Israele – La pace inesplosa
Come il gioco di specchi in cui l’immagine si riflette infinite volte, il processo di pace tra israeliani e palestinesi riflette sempre lo stesso scenario: avvio di accordi da una parte, ordigni per farli saltare dall’altra. La dinamica si è ripetuta ieri quando su un autobus di Bat Yam, città a sud di Tel Aviv, un passeggero ha trovato in una borsa incustodita una bomba. Grazie al suo intervento e a quello dell’autista, nessuno è rimasto ferito e l’ordigno rudimentale è esploso quando l’autobus era vuoto. Un attacco terroristico, ha dichiarato lo Shin Bet, servizio di sicurezza interno israeliano. Il tutto mentre il segretario di Stato americano John Kerry prepara una bozza di accordi da proporre a israeliani e palestinesi per dare una svolta positiva al conflitto. Speranze di pace, ancora inesplose ma sempre sotto attacco come dimostra l’esempio di Bat Yam, per cui l’azione non è ancora stata rivendicata (l’organizzazione terroristica di Hamas si è detta estranea ma non ha fatto mancare il suo plauso a un attentato che avrebbe potuto fare vittime tra i civili israeliani). O ancora, come dimostra il razzo qassam piovuto ad Ashkelon vicino una fermata di uno scuolautobus. Nessun ferito ma l’ennesimo segnale lanciato dalla Striscia di Gaza contro il processo di pace, in cui è la Cisgiordania di Mahmud Abbas, presidente dell’Autorità nazionale palestinese, ad avere voce in capitolo. E proprio ad Abbas, così come al primo ministro israeliano Benjamin Netanyahu, secondo quanto riporta il Jerusalem Post, Kerry avrebbe presentato il famoso lavoro di 160 esperti diplomatici americani, guidati dall’ex generale dei marine John Allen, in cui sono delineate alcune idee per assicurare i confini di Israele e del futuro stato palestinese. Tra cui la presenza dell’esercito israeliano nella Valle del Giordano per un periodo di 10-15 anni, dopo la costituzione del nuovo Stato. Un’idea che non è piaciuta ad Abbas né alla Lega Araba, secondo cui non un soldato israeliano potrà mettere piede nella futura Palestina mentre sarebbe da considerare la possibilità di prevedere il dislocamento di forze internazionali nella zona.
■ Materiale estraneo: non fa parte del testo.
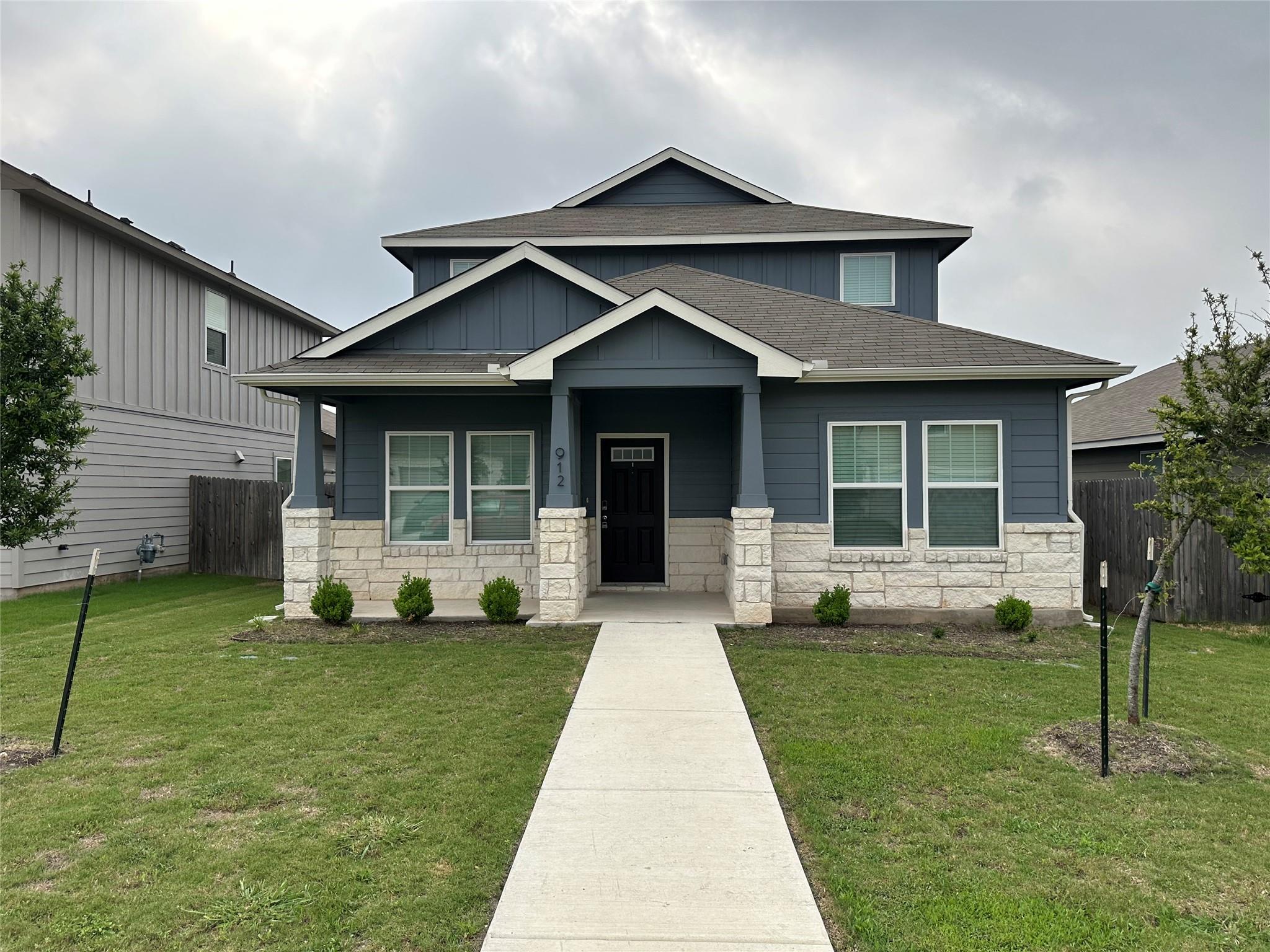 be90e5df-3ba4-479a-8f5f-a8f6df088ba6 912 Main ST
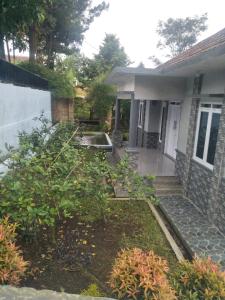 Afbeelding uit fotogalerij van Ast house in Cikareumbi 2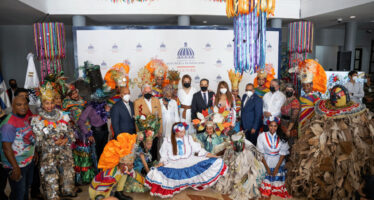 Ministerio de Cultura anuncia celebración del Desfile Nacional de Carnaval 2022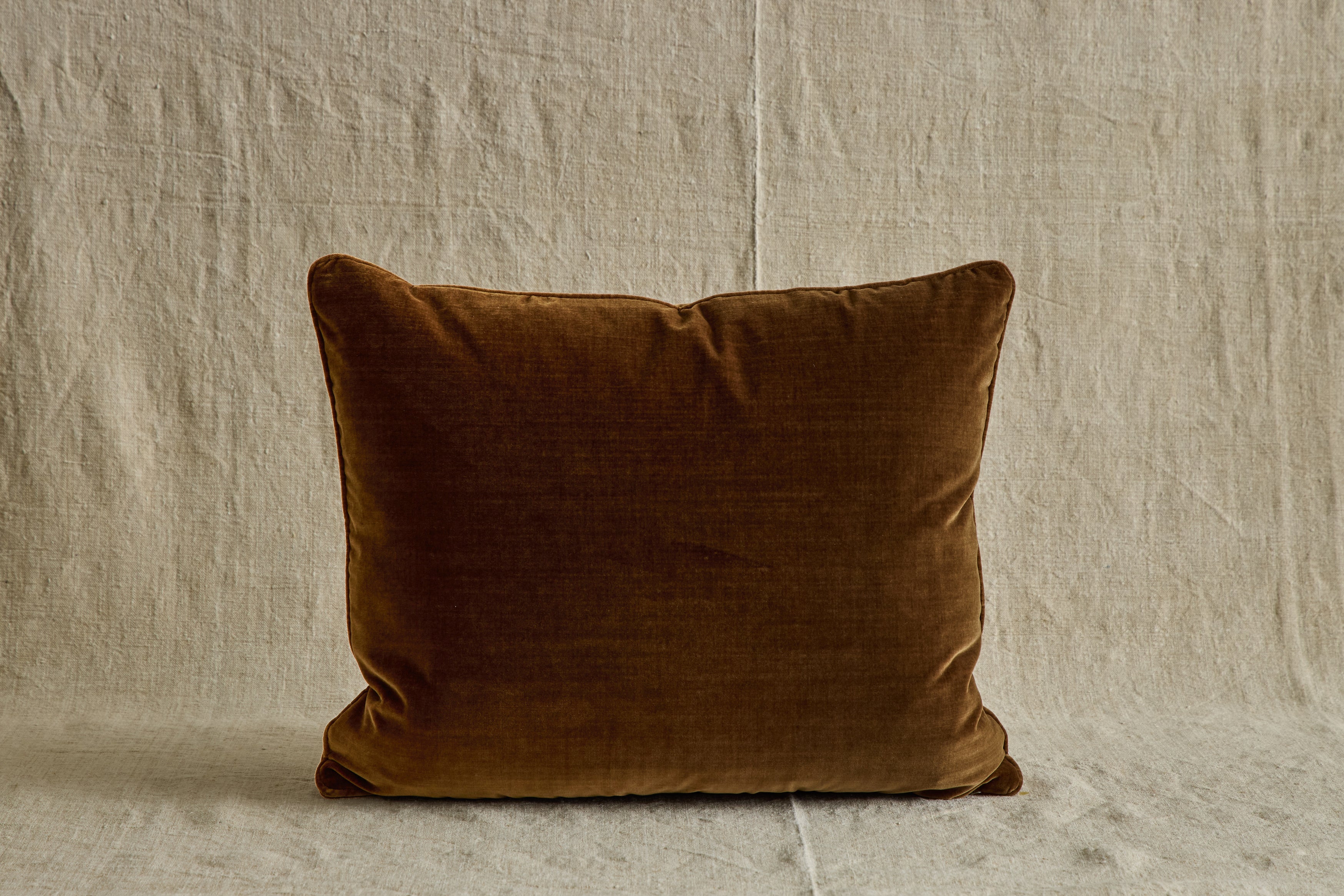 Velvet Pillow in Ginger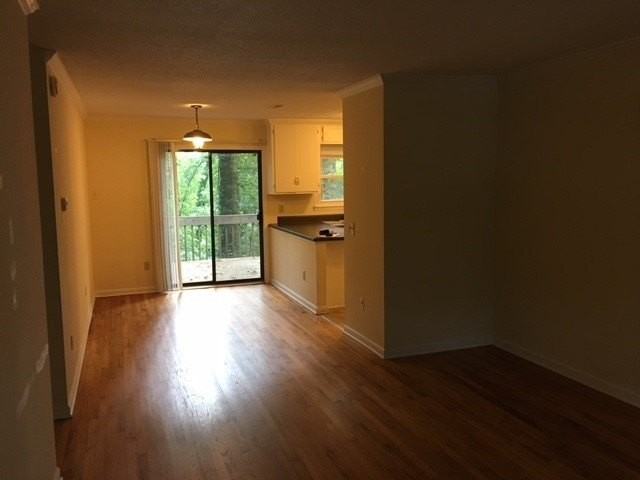 216 Lacustrian Ln Unit 25 - Photo 6 of 8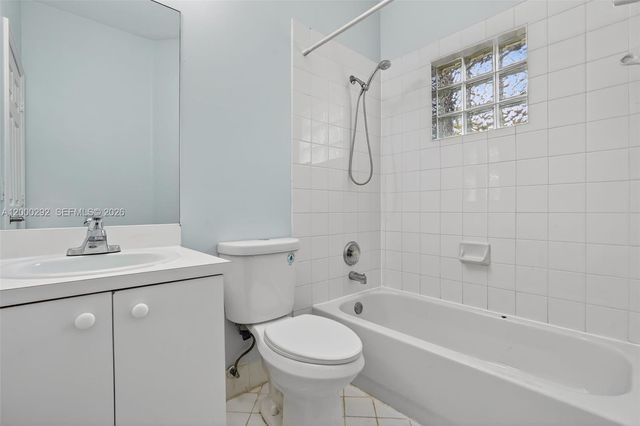 15521 SW 151st Ter, Miami, FL 33196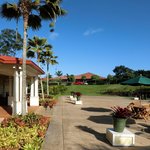 Dole Plantation - 【'14/12/29撮影】店内のテラス席の風景です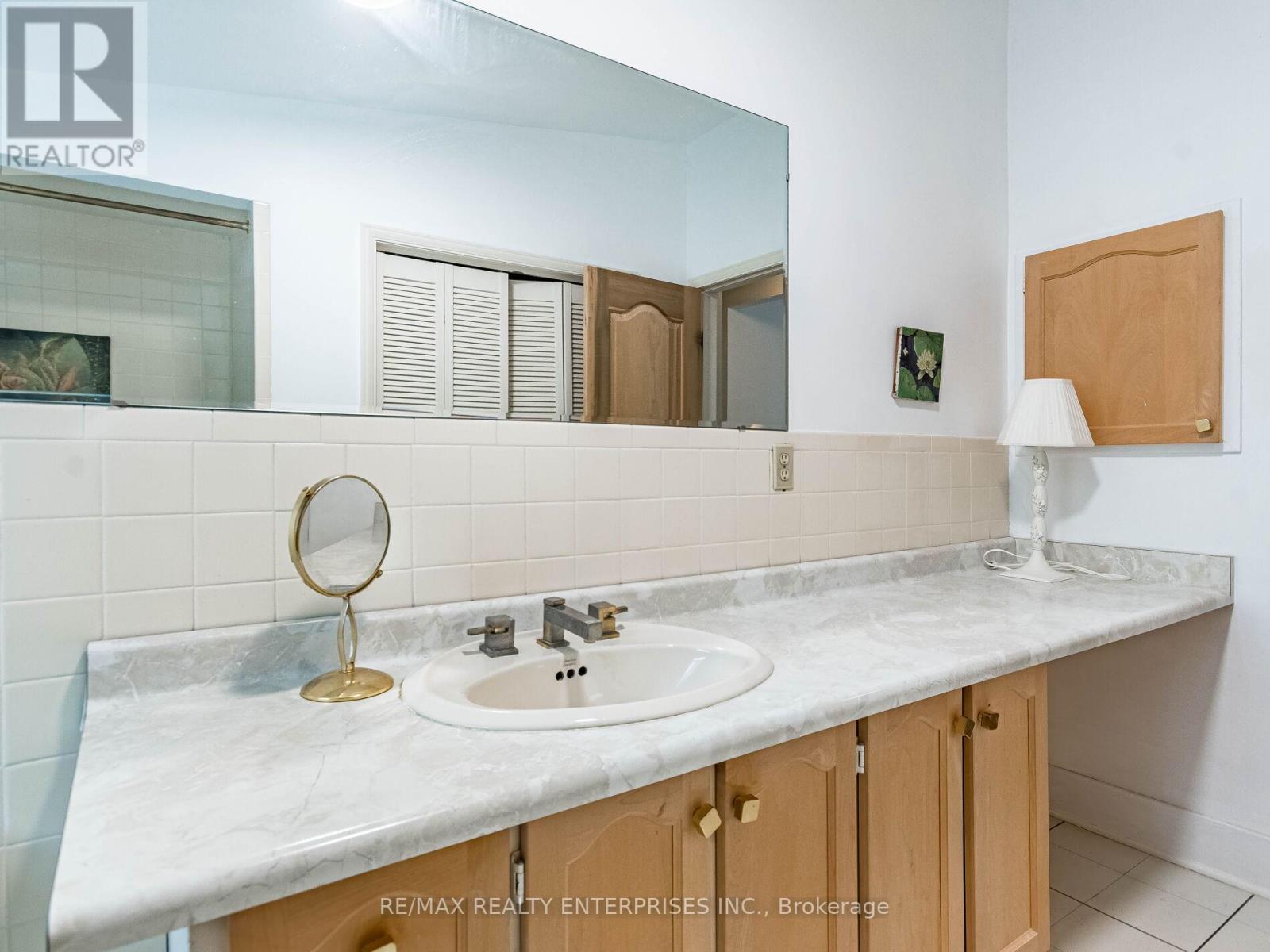 285 Pinetree Way, Mississauga, ON - Indoor Photo Showing Bathroom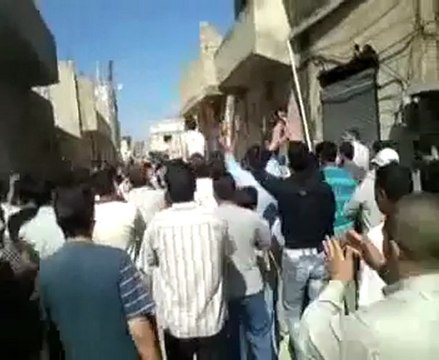 فري برس حمص تلبيسة مظاهرة رغم الحصار جمعة احرار الجيش 14 10 2011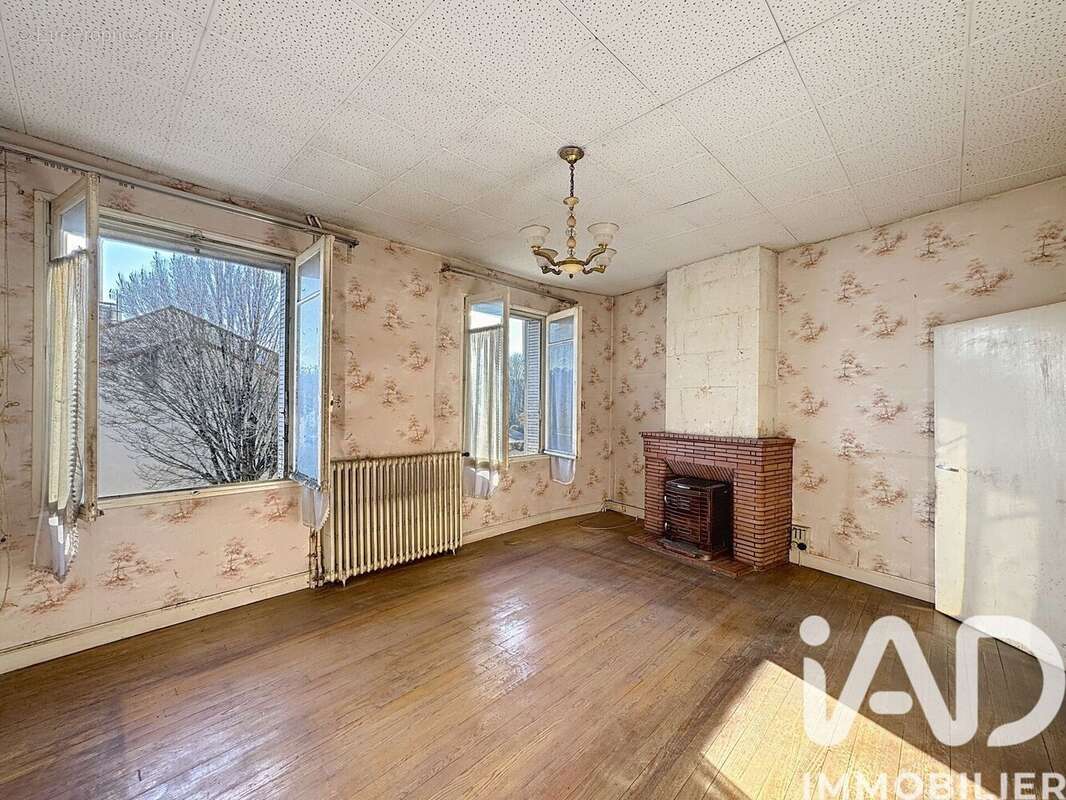 Photo 7 - Maison à VOEUIL-ET-GIGET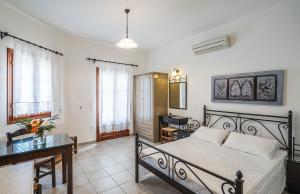 Gallery image of Elaida Apartments in Apollonia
Secondo il capo dei negoziatori palestinesi Saeb Erekat la firma di un accordo quadro con Israele è possibile ma non nei tempi che erano stati fissati in precedenza (aprile 2014). In ogni caso il dialogo tra le parti non sta avvenendo direttamente ma è la diplomazia americana a fare da tramite. Kerry sembra, almeno apparentemente, sicuro di riuscire a portare a casa un risultato. Un successo per l’amministrazione Obama tanto agognato e che porterebbe il presidente Nobel della pace nuovamente al centro degli equilibri mondiali. Gli americani ci provano con il conflitto israelo-palestinese così come con il disarmo dell’Iran. Le variabili, però, sono molte: il campanello di allarme suonato a Bat Yam non è che un esempio di come la situazione può facilmente complicarsi.